By contrast, a modest amount of noise in the form of fluctuations aligned to the nonlinear manifold, which is naturally interpreted as arriving in the velocity input to the circuit, has a much stronger effect^{40;41}. Noise on the same order of magnitude as the velocity strengths required to produce HD-matched changes in represented angle in a model (standard deviation of 8.5 *rad/s*^{1/2}, with temporal correlations of 20 ms or less; compare waking in Fig. S4), is sufficient to account for the measured diffusion, Fig. 4c. Noise aligned to the manifold additionally tends not to distort the activity states, and thus more purely moves the states along the manifold with at most small off-manifold effects, as apparently seen in the REM data. In sum, with high probability, REM diffusivity is driven by a low-dimensional noise injected into the circuit through an input aligned to the manifold, and thus likely arriving through the velocity pathway, with a magnitude consistent with the size of waking velocity inputs into the circuit (property 5).

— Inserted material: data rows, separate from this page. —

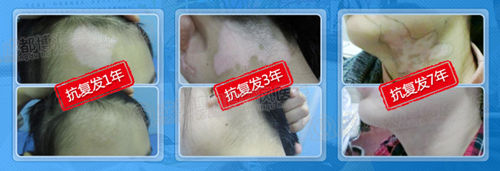 抗复发诊疗档案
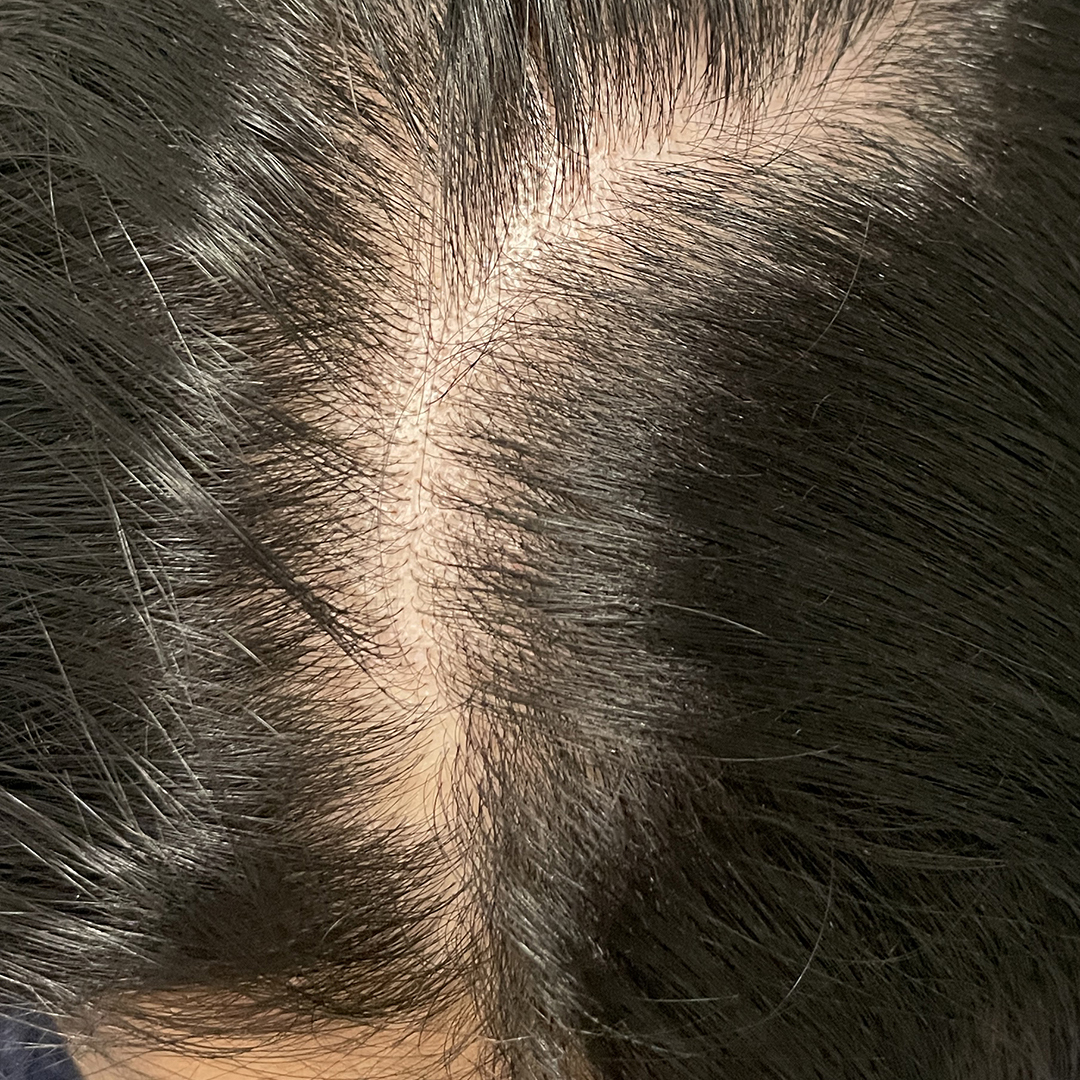 Before Micrografting hair Regeneration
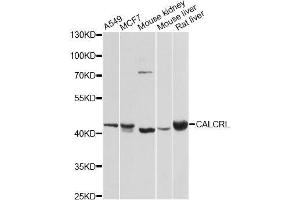Western blot analysis of extracts of various cell lines, using CALCRL antibody. (CALCRL Antikörper  (AA 392-461))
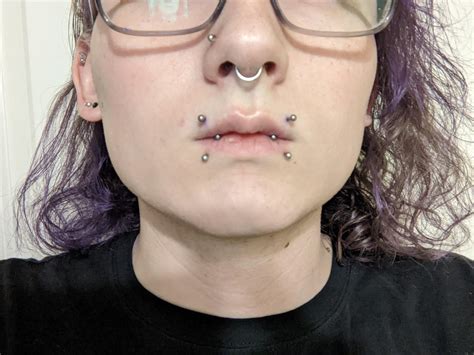 What are angel bites piercings?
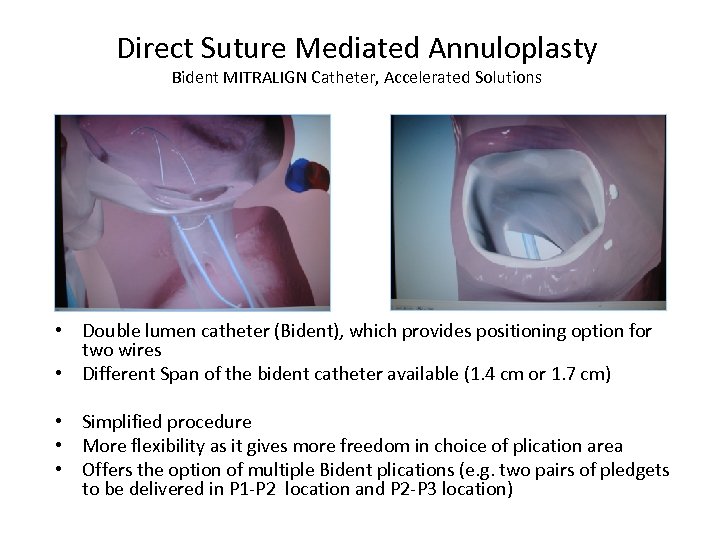 Direct Suture Mediated Annuloplasty Bident MITRALIGN Catheter, Accelerated Solutions • Double lumen catheter (Bident),
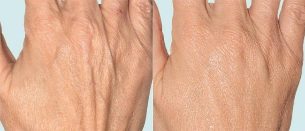 Pelle delle mani prima e dopo la terapia frazionata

These results demonstrate that even in high-level cognitive circuits for memory and integration, as previously established for low-level sensory circuits and sensorimotor path-ways^{42–45}, input noise or sensory precision rather than internal noise is the limiting factor for information fidelity.

### Inputs during nREM sleep disrupt ring manifold

Hippocampal circuits replay patterns of waking activity during nREM sleep^{46–49}, and these events may play an important role in memory consolidation^{50}. However, the HD circuit seems to lack replays or even coherent temporal dynamics^{32;51}. On a more abstract level, nREM sleep is thought to disrupt the brain’s ability to maintain integrated representations^{52}, but it is unclear what this means at a more granular level, for specific integrated representations like HD. A manifold-based approach reveals when previous population-level structure is modified and helps to understand the nature of the modification. In addition, if there is coherent dynamics in the restructured space, a manifold-based approach can help find it, even if the structure is not visible when states are projected into the old space.

The manifold in nREM does not preserve the ring structure of waking and REM states: it is higher-dimensional (persistent homology, contrast Fig. 4f with Fig. 2b, 3b; visualization, Fig. 4g and Supplementary Movie 5; also see correlation dimension estimates in Fig. S11), and only partially overlaps the waking/REM manifold (Fig. 4g).

The higher-dimensional nREM manifold encodes at least two latent variables. We decode an angle along the tangential (circular) dimension of the manifold using SPUD, and compare it with the outputs of two wake-trained supervised decoders that make different assumptions: a tuning-curve decoder and a population vector decoder (Fig. S12). The angles decoded by all three methods agree well (see Fig. S13 for another animal), except at low-activity states where the signal-to-noise ratio of the neural response is low.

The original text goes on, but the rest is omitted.